Politik

"Lackmustest" der USA Merkel zeigt Ellenbogen

In der Klimadebatte gerät Deutschland international wegen des geplanten Atomausstiegs immer stärker unter Druck. Auf dem G8-Gipfel der führenden Industrienationen in Toyako forderten die USA die intensive Nutzung der Atomkraft aus Gründen des Klimaschutzes. Bundeskanzlerin Angela Merkel lehnte einen massiven Ausbau der Kernenergie ab, sprach sich aber erneut für längere Laufzeiten der bestehenden Reaktoren in Deutschland aus.
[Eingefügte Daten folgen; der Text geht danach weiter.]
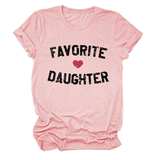 Trendy Short Sleeve Top For Women, Print Design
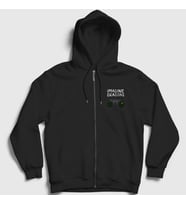 Presmono Unisex Siyah Night Imagine Dragons Fermuarlı Kapüşonlu Sweatshirt 82697tt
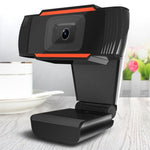 A870 480P 像素高清 360 度網路攝影機 USB 2.0 PC 攝影機附麥克風，適用 Skype 電腦 PC 筆記型電腦，電纜長度：1.4m，A870（橘色），A870（黑色）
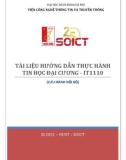 Tài liệu hướng dẫn thực hành Tin học đại cương - ĐH Bách Khoa Hà Nội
Allerdings will Merkel dafür die große Koalition mit der SPD nicht aufs Spiel setzen.

Eine Änderung des Atomausstiegs werde es vor Ende der laufenden Wahlperiode im Herbst 2009 nicht geben, sagte Regierungssprecher Thomas Steg in Berlin. Merkel setze aber angesichts "einer neuen Dynamik" in der Atomenergie-Diskussion im eigenen Land auf einen Stimmungsumschwung. Die SPD wies dagegen den Vorschlag ihres früheren Spitzenpolitikers Erhard Eppler über längere Laufzeiten für die jüngeren Reaktoren nachzudenken, scharf zurück.

Deutschland Vorreiter bei alternativen Energien

Auf dem G8-Gipfel der sieben führenden Industrieländer und Russlands ist Deutschland bei der Atomenergie inzwischen isoliert, seit auch Italien nach dem Regierungswechsel vor wenigen Monaten umgeschwenkt ist. Im Koalitionsvertrag mit der Union hatte die SPD vor drei Jahren den zuvor mit den Grünen gegenüber der Wirtschaft durchgesetzten Atomausstieg festgeschrieben.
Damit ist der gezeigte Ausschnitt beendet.